Kaal () is a 2005 Indian supernatural horror film written and directed by Soham Shah. It was jointly produced by Karan Johar and Shah Rukh Khan. The film stars John Abraham, Vivek Oberoi, Esha Deol, Lara Dutta and Ajay Devgn. It was released on 29 April 2005 and was an average commercial success at the box office.

The story focuses on a wildlife expert, his wife, and a group of friends who battle against a mysterious entity in the fictional Orbit National Park (alluding to the world-famous Jim Corbett National Park, Nainital, Uttarakhand) for their lives while being helped by a mysterious tour guide. The film sends out the message on protecting the precious wildlife of India.

Plot

Two British nationals are killed by a ferocious tiger in Corbett National Park in India. This incident is followed by several other tiger attacks, and many deaths result, prompting National Geographic to send a correspondent, Krish Thapar to the national park and ascertain what really happened. Krish is accompanied by his wife Riya.

A group of youngsters, consisting of Dev Malhotra, his girlfriend Ishika, his
friends Sajid and Vishal, are on a hunting trip in the hopes of sighting and shooting some big prey.

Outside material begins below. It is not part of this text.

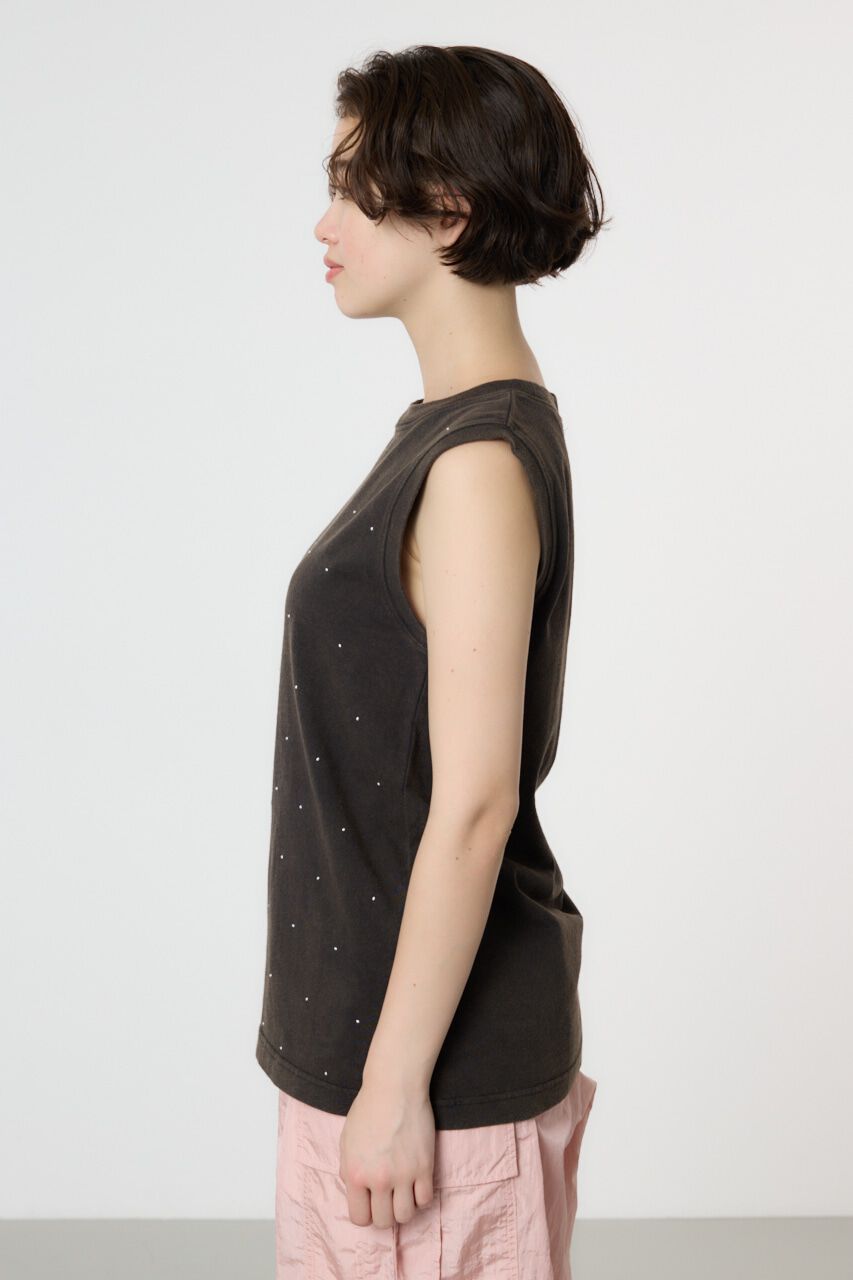 RODEO CROWNS「スタッズタンクトップ」|タンクトップ|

Their car breaks down and Bagga, an alcoholic passerby driver, gives them a lift. Bagga's car accidentally hits Krish's car, which also breaks down and is at the middle of the road. The two groups decide to travel together in Bagga's car, leaving a mechanic to repair Krish's car.

Just a few seconds after they set off, the mechanic disappears and they believe that a wild animal just took him away and decide not to risk their lives to look for him.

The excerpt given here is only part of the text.